BEGIN Given information
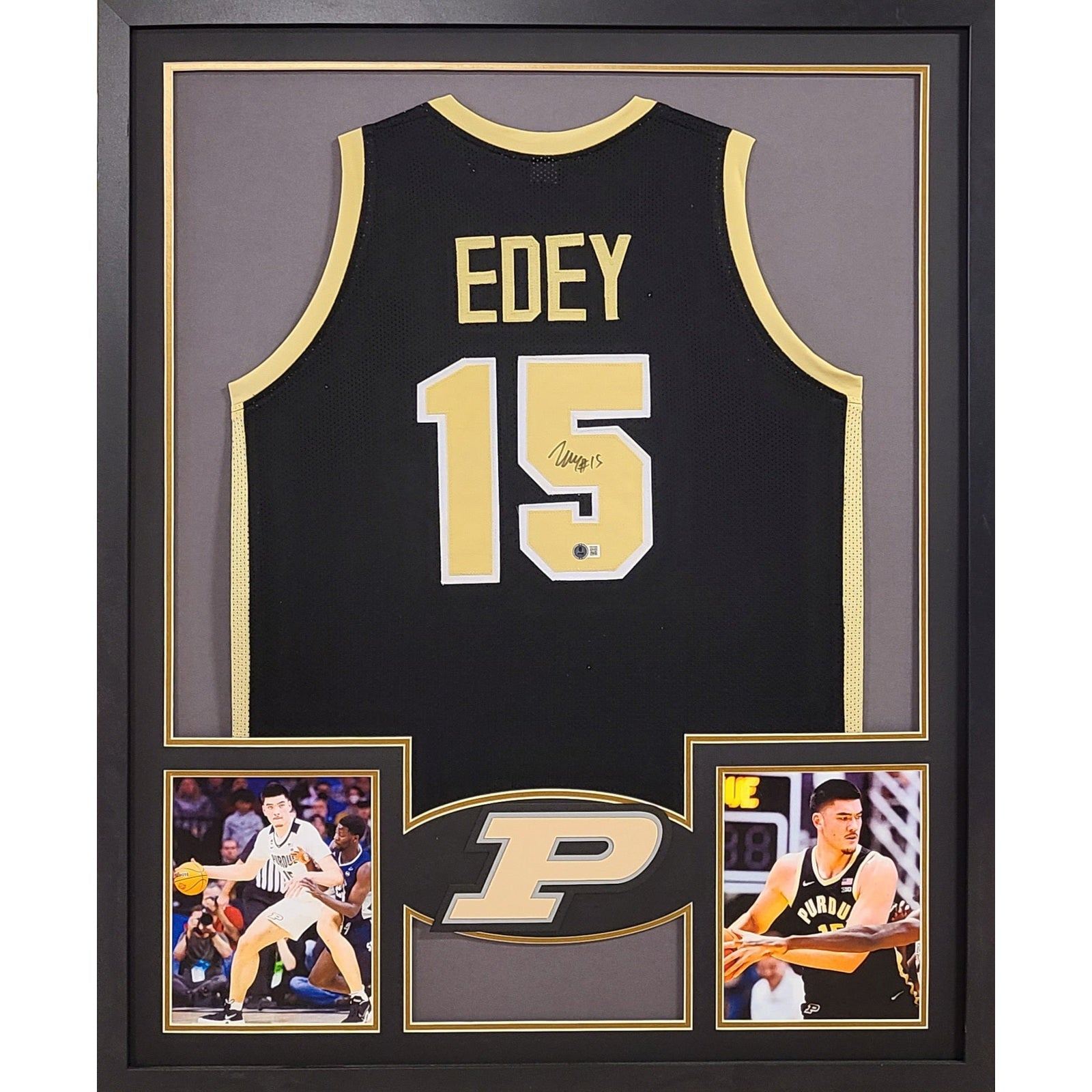 Zach Edey Framed Signed Purdue Jersey Beckett Autographed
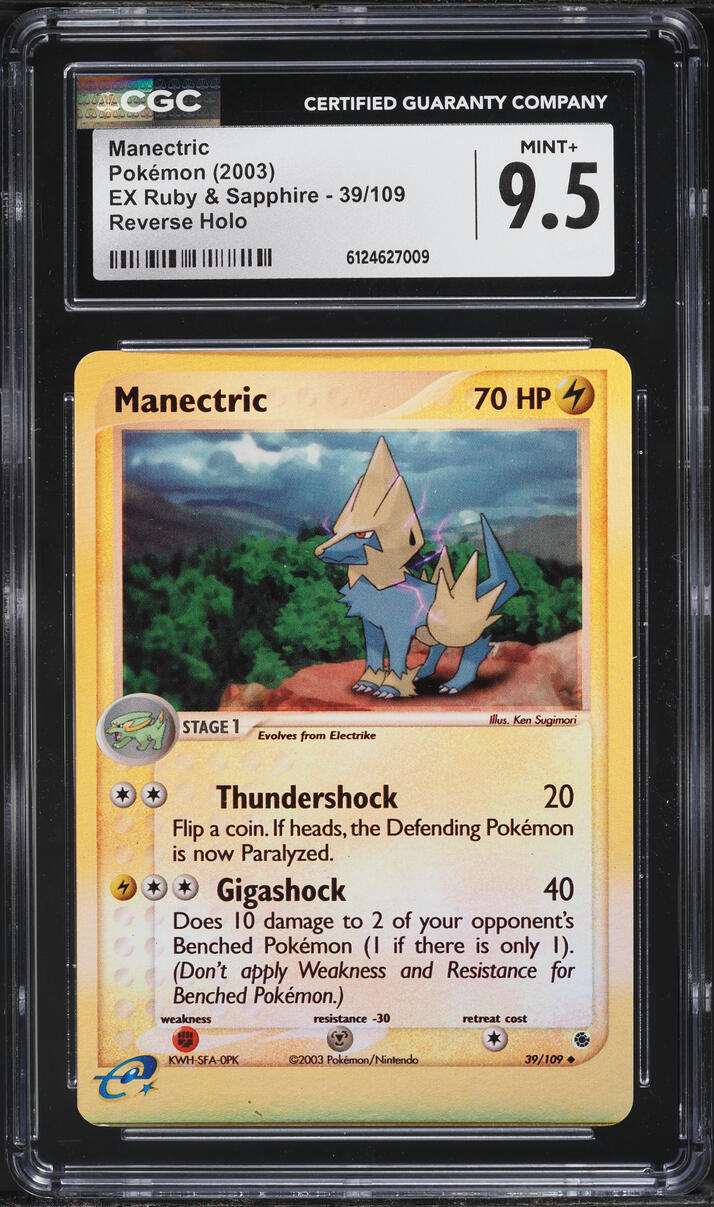 2003 Pokemon EX Ruby & Sapphire Reverse Holo Manectric #39 CGC 9.5 MINT+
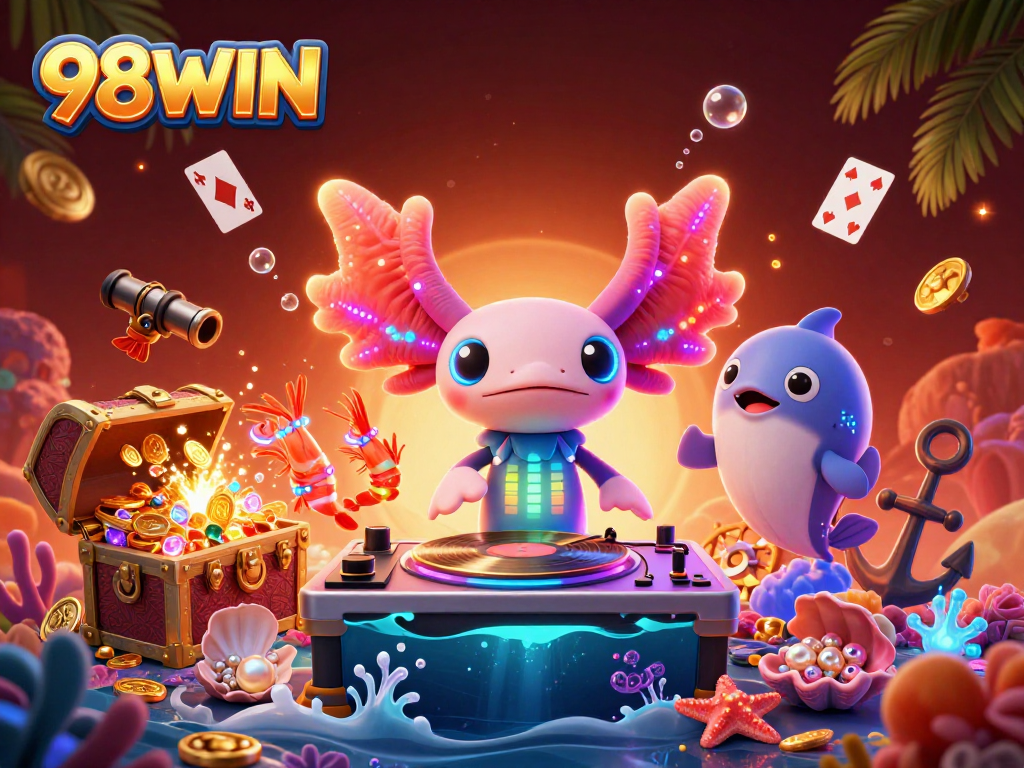 Engage with the exciting underwater gaming world at 98WIN with a vibrant DJ party.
END Given information
■ Work order
A verbatim copy of the listing is required, with all pictures left out.

■ Result of the task
 Zach Edey Framed Signed Purdue Jersey Beckett Autographed
 2003 Pokemon EX Ruby & Sapphire Reverse Holo Manectric #39 CGC 9.5 MINT+
 Engage with the exciting underwater gaming world at 98WIN with a vibrant DJ party.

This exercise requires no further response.